De Renzis and colleagues made the discovery by studying the fruit fly Drosophila, which starts life as a sac. The fly's embryo is initially a single large cell, inside which nuclei divide and divide, until, at three hours old, the cell membrane moves in to surround each nucleus, so that in about an hour the embryo goes from one to 6000 cells. As this happens, cells change shape. The cell membrane starts off with lots of finger-like tendrils sticking out of the embryo, and in about 10 minutes it smoothes down to a flat surface, like a rubber glove transforming into a round balloon.

The EMBL scientists found that, for this quick shape-shift to happen, the cells 'eat up' their finger-like offshoots. And, to quickly take up all that excess membrane, cells adapt their 'feeding strategy'. Instead of bending a little pouch of membrane inwards and eventually detaching it into the cell as a round pod, or vesicle, the fruit fly embryo's cells suck in long tubes of membrane. Once inside the cell, those tubes are then processed into smaller vesicles.

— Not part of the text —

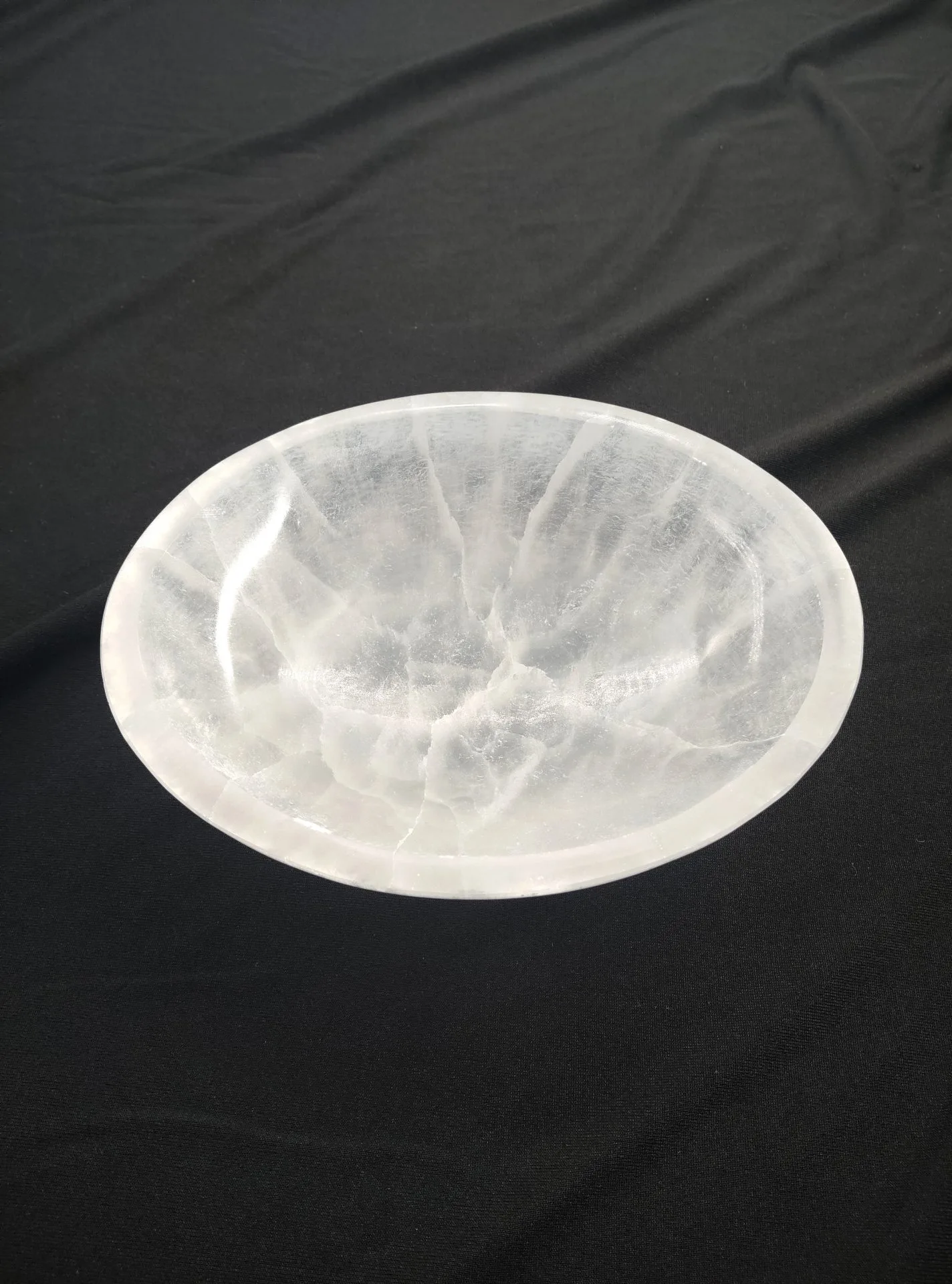 Grand bol rond en sélénite blanche, translucide et striée de reflets lumineux naturels, posé sur un tissu noir.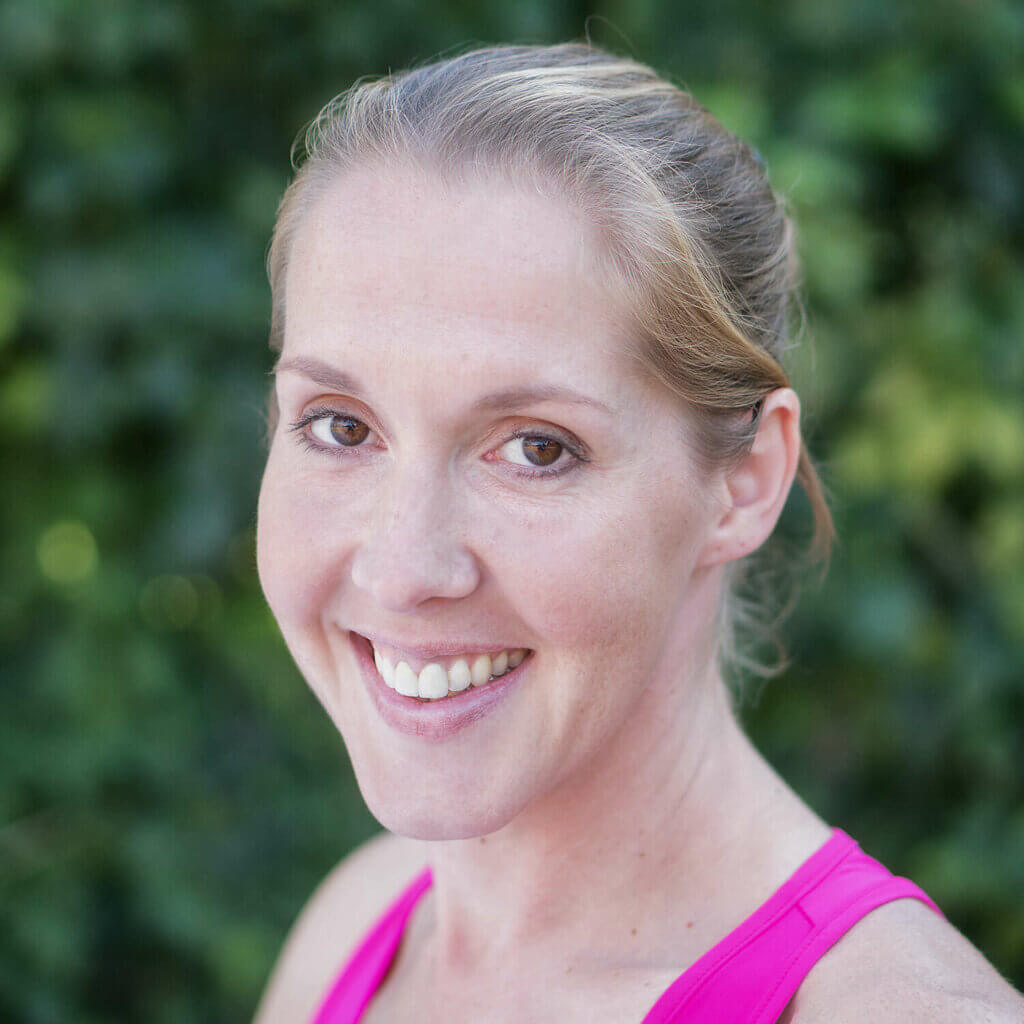 Elena Breyer lächelnd vor einem grauen Hintergrund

The findings, which include uncovering one of the key molecules involved, provide a new way of thinking about how cells take on the shape required to perform different tasks - and not only in fruit flies.

"This outward-facing - or apical - surface is the main difference between different kinds of epithelial cell," says De Renzis. "The cells on your skin are smooth, but the ones lining your intestine have lots of 'fingers' like our fly embryos, and we know for instance that some bowel diseases involve problems in those 'fingers'."

For this work, Piotr Fabrowski in De Renzis' lab developed a new strategy for imaging the fruit fly embryo and Aleksandar Necakov, a joint post-doctoral fellow in the De Renzis and John Briggs labs at EMBL, combined light and electron microscopy to see how different the swallowed membrane tubes are from the vesicles usually formed in endocytosis.